Top Chinese Securities Regulator Steps Down

China’s top securities regulator was forced to bow out of his role on Saturday.

The regulator, Xiao Gang, has presided over the dramatic boom and bust of the Chinese stock market since his appointment in 2013. After months of market turbulence--with the market losing 43% of its value at one point during the summer--Xiao’s ouster is a signal designed to restore some confidence in the Chinese economy.

State news organization Xinhua announced Xiao’s removal as “according to decisions made by the Communist Party of China Central Committee and the State Council.” Liu Shiyu, a chairman of the Agricultural Bank of China, succeeds him.

Here’s what happened with China’s market meltdown:

Xiao has been criticized for his handling at almost every step of China’s wildly swinging markets--for allowing a speculative bubble to form in the first half of the year that peaked with Shanghai stocks at 150% of their value over the last year, for not handling the August crash better, and for causing even more investor confusion in the new year by experimenting with market circuit breakers.

In January, the Chinese securities regulator introduced a circuit breaker system that would halt trading when stocks fell a certain percentage--an intervention modeled after a much looser one in the S&P 500 index that is designed to limit volatility. But the breakers apparently had the opposite effect, sparking a massive sell-off that caused trading to halt only 29 minutes into the day. Party officials and investors blamed Xiao almost entirely for the volatility, The Wall Street Journal reported. According to the Journal, Xiao had been such an advocate for a circuit breaker system that the Chinese media had dubbed him “Mr. Circuit Breaker.”

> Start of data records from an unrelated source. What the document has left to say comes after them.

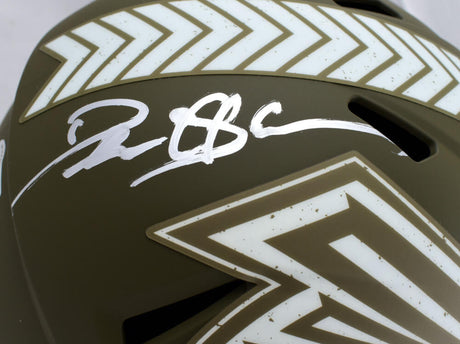 Deion Sanders Signed Atlanta Falcons F/S Salute to Service Speed Helmet- Beckett W Hologram *Silver Image 2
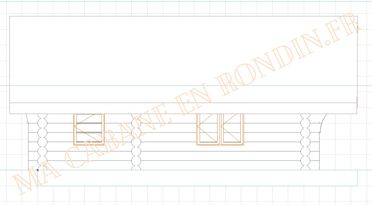 plan chalet en rondin 45m2 - Castellane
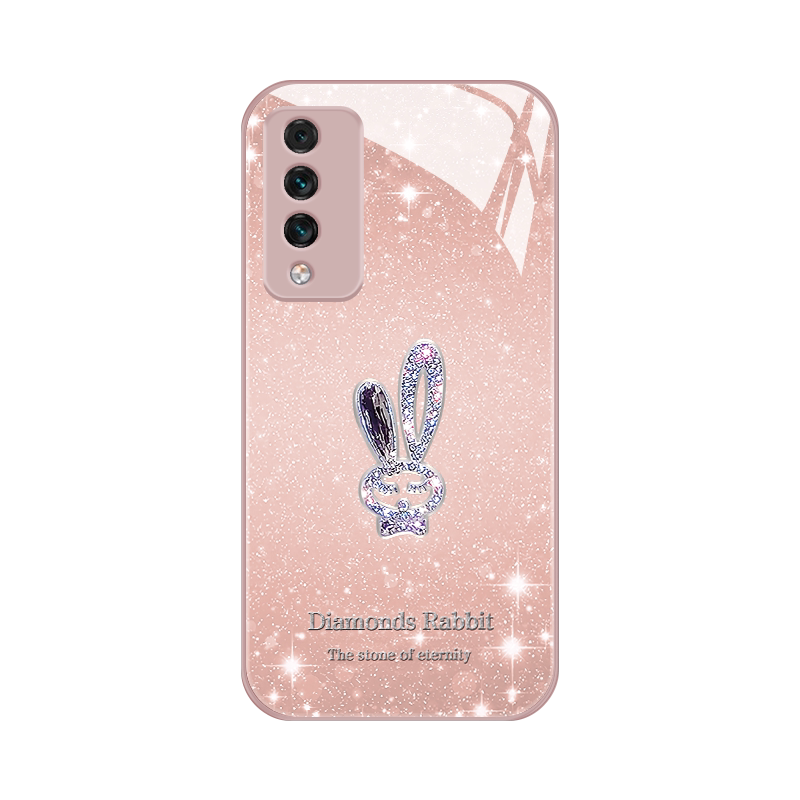 适用华为智选nzones7pro十手机壳新款中国移动S7pro+保护套液态玻璃sp300潮牌简约闪粉兔子SP200全包防摔女款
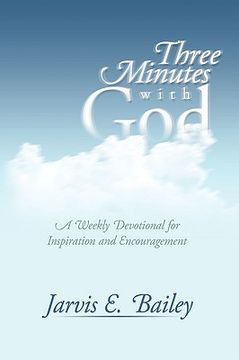 portada three minutes with god: a weekly devotional for inspiration and encouragement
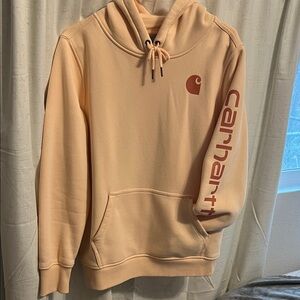 Carhartt women’s peach hoodie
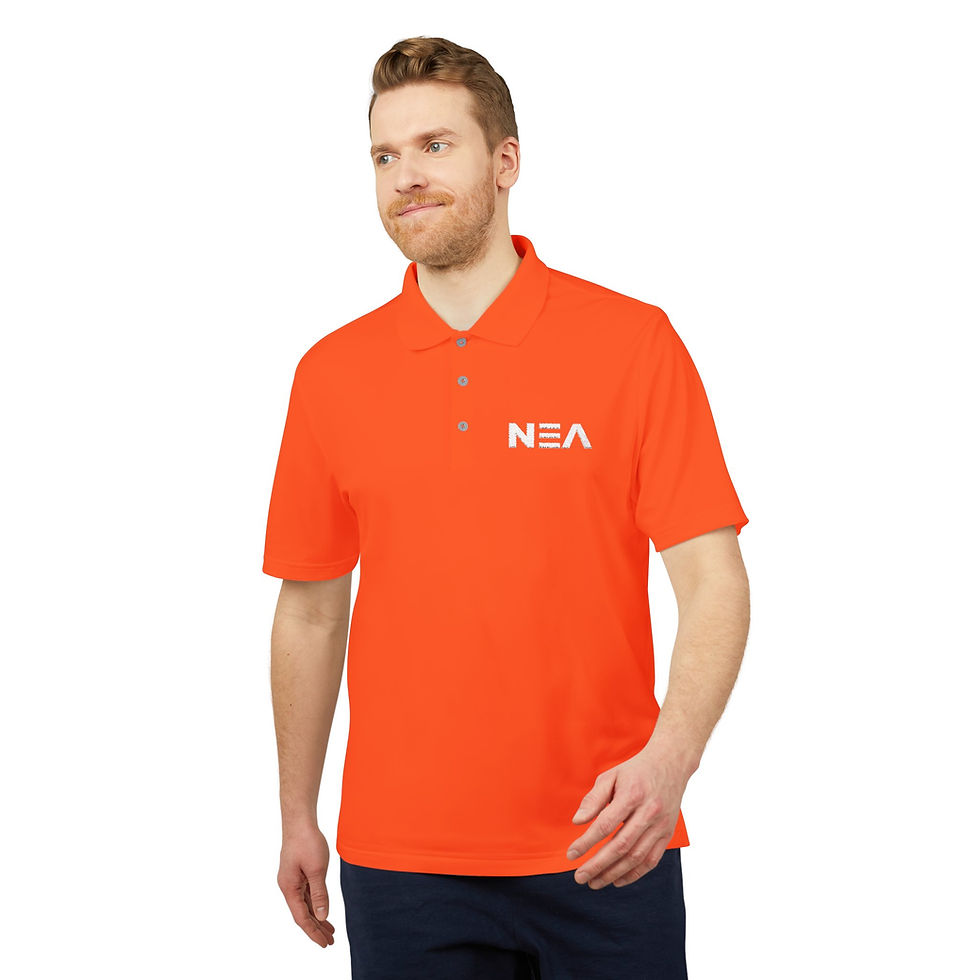Thumbnail: Never Employed Again Embroidered Polo Shirt – Entrepreneur Style for Hustlers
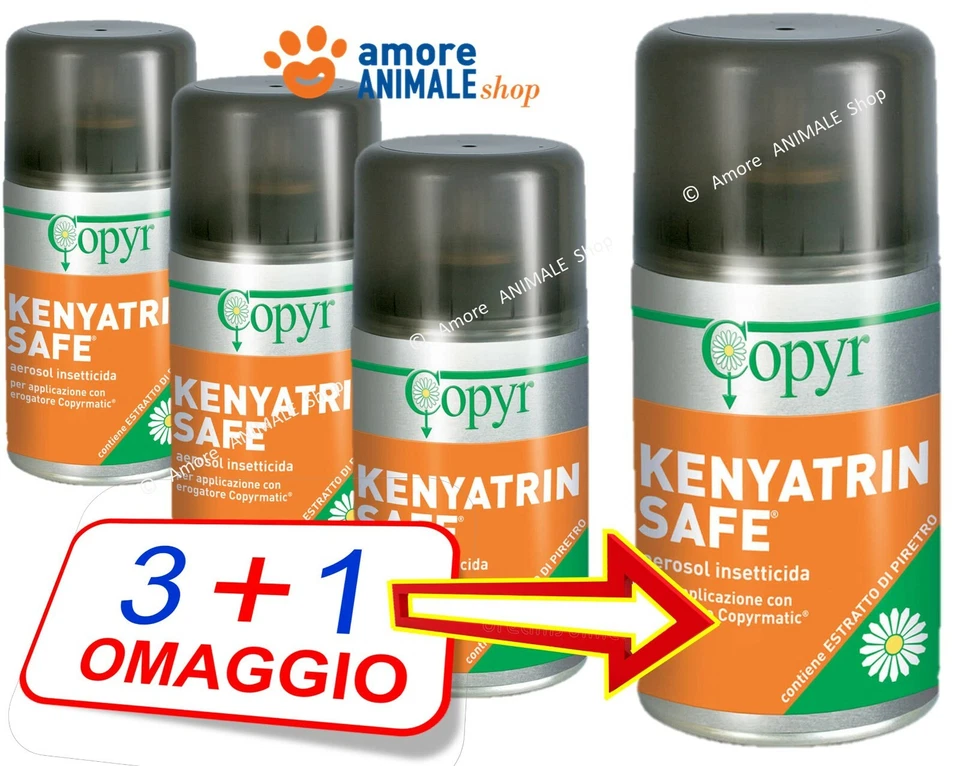 Copyr KENYATRIN SAFE Bombolette → 1 // 3+1 omaggio INSETTICIDA per Erogatore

The wild swings of the Chinese markets, in tandem with slowing Chinese growth and the devaluation of the yuan, has given many investors cold feet. Hedge fund manager Kyle Bass, for example, has turned his firm’s focus to shorting Asian currencies, writing in a letter to investors earlier this month: "The unwavering faith that the Chinese will somehow be able to successfully avoid anything more severe than a moderate economic slowdown by continuing to rely on the perpetual expansion of credit reminds us of the belief in 2006 that U.S. home prices would never decline.” Other hedge funds, including Soros Fund Management, are shorting Asian currencies in a bet against China’s economic health as well.